To reveal prognostic possibilities of the studied enzymes activity we created the group of patients (29 women) of both similar age (46-60 years old) and stage of BC (III stage of BC). We investigated TP and TK activity after the initial surgical resection and every 5th day during postoperative chemotherapy by CMF scheme (Table 3). This scheme includes cyclophosphamide, methotrexate, 5-fluorouracil.
|TK, nmol/ mg·h||TP, nmol/ mg·min|
|Before||CMF treatment (Days)||Before||CMF treatment (Days)|
|Gr.1, n=15||3,14 ± 0,95||1,67 ± 0,34||3,22 ± 0,61||9,16 ± 1,22||13,20 ± 3,60||20,40 ± 6,00||15,60 ± 3,60||19,20 ± 6,00|
|Gr.2, n=14||2,97 ± 0,34||1,05 ± 0,06||1,13 ± 0,02||1,85 ± 0,67||43,20 ± 3,60||39,60 ± 6,00||39,60 ± 4,80||55,20 ± 1,20|
Table 3: The enzyme activity dynamics in the blood serum of women with BC before and during CMF treatment.

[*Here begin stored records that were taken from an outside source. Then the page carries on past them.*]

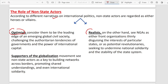Those who are realists say that the major actors in the international system are states — like the Indian government, the US government, the UK government, the Russian government, the Nepal government. The realist perspective holds that in the international system, the major actors are states, and it is between states that interactions, negotiations, and decision-making processes take place.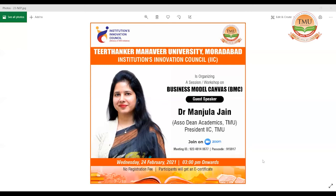Good afternoon to one and all. I am Dr. Githanshu, convener for the IIC TMU Muradabad. I extend a warm welcome to our guest speaker for the day, Dr. Manjala Jain. Ma'am is the Associate Dean Academics of TMU and also the President of the IIC TMU and all the patrons attending the session.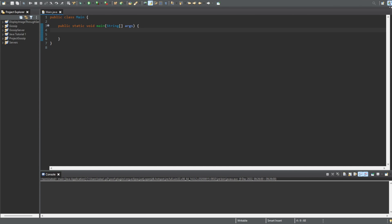Hello everyone, welcome back to another Java tutorial. In today's video we are going to be converting a string into an array and then an array into a string. We're going to do the array into a string first because it's a little bit more simple, and then we'll try to convert the string into an array. So let's get started.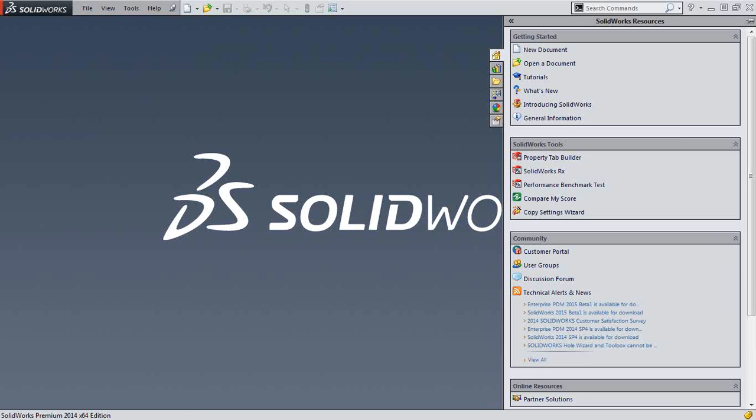So hopefully this helps you optimize SOLIDWORKS and how you work best. Have a great day.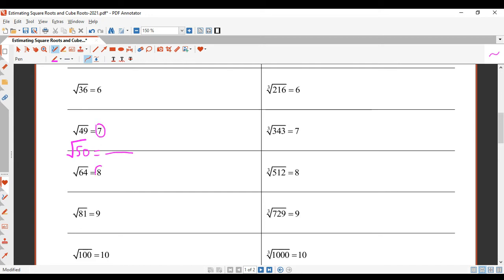The square root of 50 is between 7 and 8 — it could be 7-point-something. Now, square root of 50 is very close to the square root of 49, so it must be a little bit more than 7. So 7.1.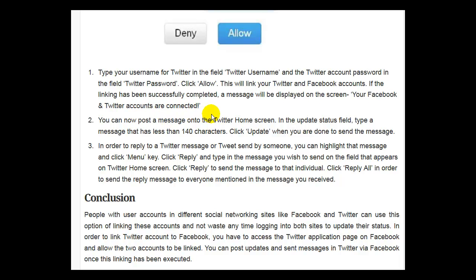You can now post a message onto the Twitter home screen. In the update status field, type a message that has less than 140 characters. Click update when you are done to send a message. In order to reply to a Twitter message or tweet sent by someone, you can highlight that message and click the menu key. Click reply and type in the message you wish to send in the field that appears on Twitter's home screen. Click reply to send a message to that individual, or click reply all in order to send a reply message to everyone mentioned in the message you received.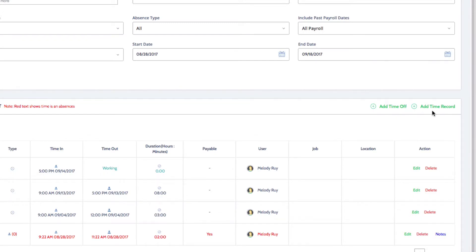Adding time off allows you to add any absences or request time off such as vacation time and sick time. You can manually clock in and out for an employee using the add time record button.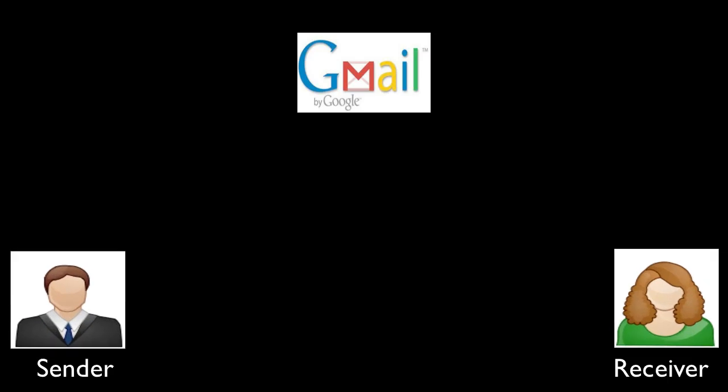We'll assume the intranet that we're going to discuss will be Gmail. Using the simplest case, a sender and a receiver.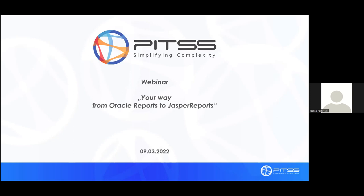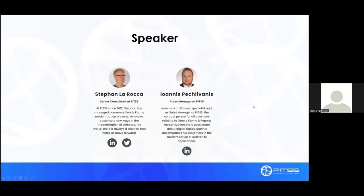A short introduction from our side and from the speaker side. My name is Janice — I will be today the host and moderator in our webinar session. At PITS I'm one of the account managers. For the whole technical adventure we invited, and are very happy to have with us today, our senior consultant Stefan LaRoca, who is also leading the product and business development department at PITS. Stefan will guide us through our modernization process today in a live demo of the PITS product, and give us some insights on the PITS way to migrate.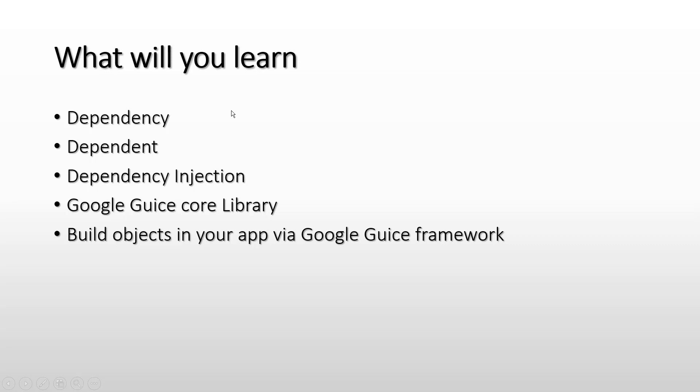So what are you going to learn in this course? You're going to learn that while developing software and the class designs, what dependency is, what are dependents, what's the mechanism of dependency injection, and you will be able to learn the Google Guice core library, which is our primary focus for this course. At the end, you will know how to build your objects in your application via Google Guice framework. Thank you very much.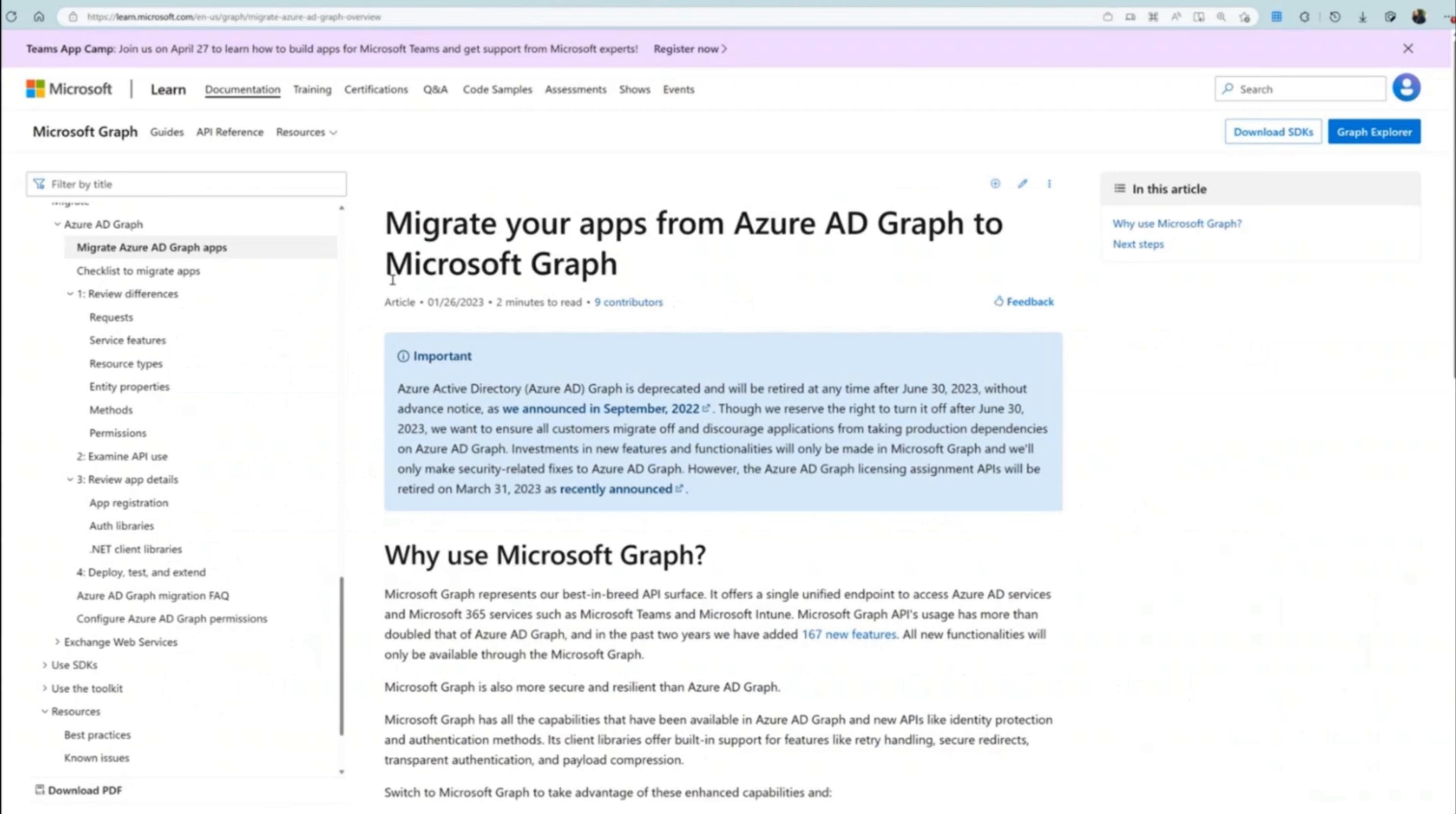You can begin with the overview page regarding the migration of Azure AD Graph to Microsoft Graph to help you better understand the Microsoft Graph.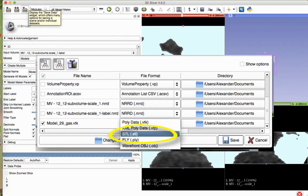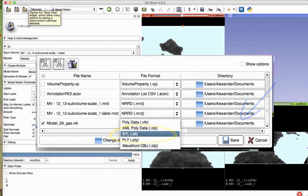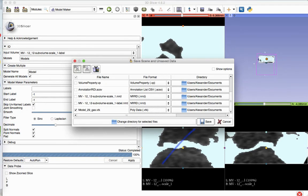You can also change the name of the file and directory by clicking in the directory column in the row of the polydata file. None of the other files are required for printing and can be unchecked. After selecting the directory and giving the file the name of your choosing, the process is completed. You now have an .stl file that can be 3D printed.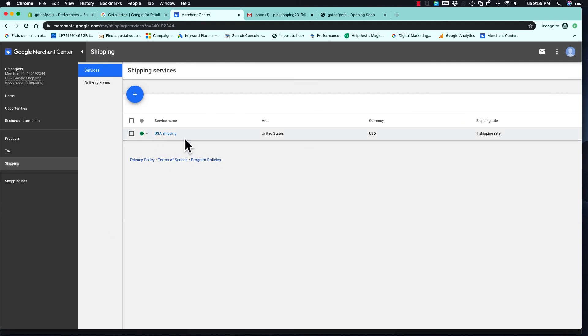Click Save. If you want to add another country, you can add it here. You need to add a shipping service in order to be accepted in Google Merchant Center. That is how we open Google Merchant Center. The next step is to open a Google Ads account and link it with Google Merchant Center.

Individual analysis of the enzymes activity in blood plasma of all 29 patients allowed dividing them into two groups. Group 1 consisted of 15 patients with low activity of TP before the drug therapy (13.20 ± 3.60 nmol/mg·min). Group 2 included 14 patients. Their TP activity was similar with normal: 43.20 ± 3.60 nmol/mg·min. During chemotherapy the TP activity in group 1 was not changed but the activity of TK was increased. It may stimulate the rate of proliferation resulted in the poor prognosis. Simultaneously in group 2 the activity of TK was decreased but the activity of TP was increased. The analysis of morphological material from these patients showed that the patients initially divided by the principle of the activity of blood plasma TP also differ by morphological structure of tumor. Scirrhous carcinoma, or cancer with prevalence of stroma, was developed in patients with low blood plasma TP activity (Group 1), and adenocarcinomas of various differentiations were developed in patients with normal TP activity (Group 2).

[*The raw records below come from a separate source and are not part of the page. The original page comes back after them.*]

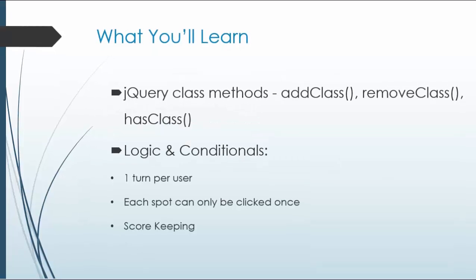We'll go over a lot of things that we've went on in the past few chapters. We'll be looking at the class methods of jQuery: addClass, removeClass, hasClass, and we'll work on logic and conditionals.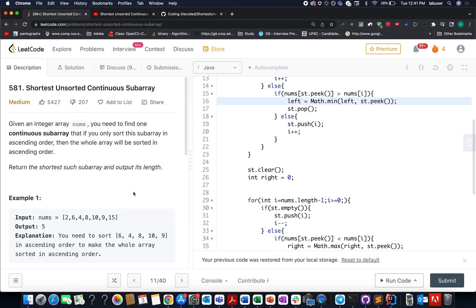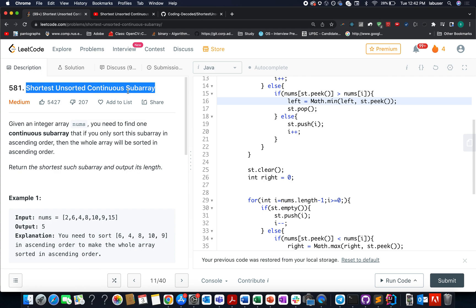Hello everyone, welcome to day 674 of my LeetCode challenge. My name is Sanchit Rudeja. I am working as a software developer for Adobe, and today I present day 674 of the daily LeetCode problem. The question we have today is: Shortest Unsorted Contiguous Subarray.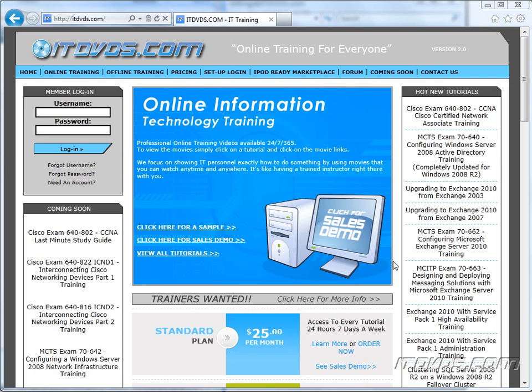Welcome to the itdvds.com YouTube channel. This is just a sample of the training available at itdvds.com. If you would like to see complete training, please go to itdvds.com. Now let's begin the sample.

The follow – up analysis showed that four-year lethality in group 1 constituted 25% and there was no lethality in group 2. Thus our findings demonstrate that the dynamics of TK, TP activity can be used as the biochemical test for individual estimation of both tumor progression and drug therapy efficiency.
Such prognostic factors as blood plasma activities of TK and TP may be used for the decision-making about efficiency of 5-fluorouracil for patients with breast cancer.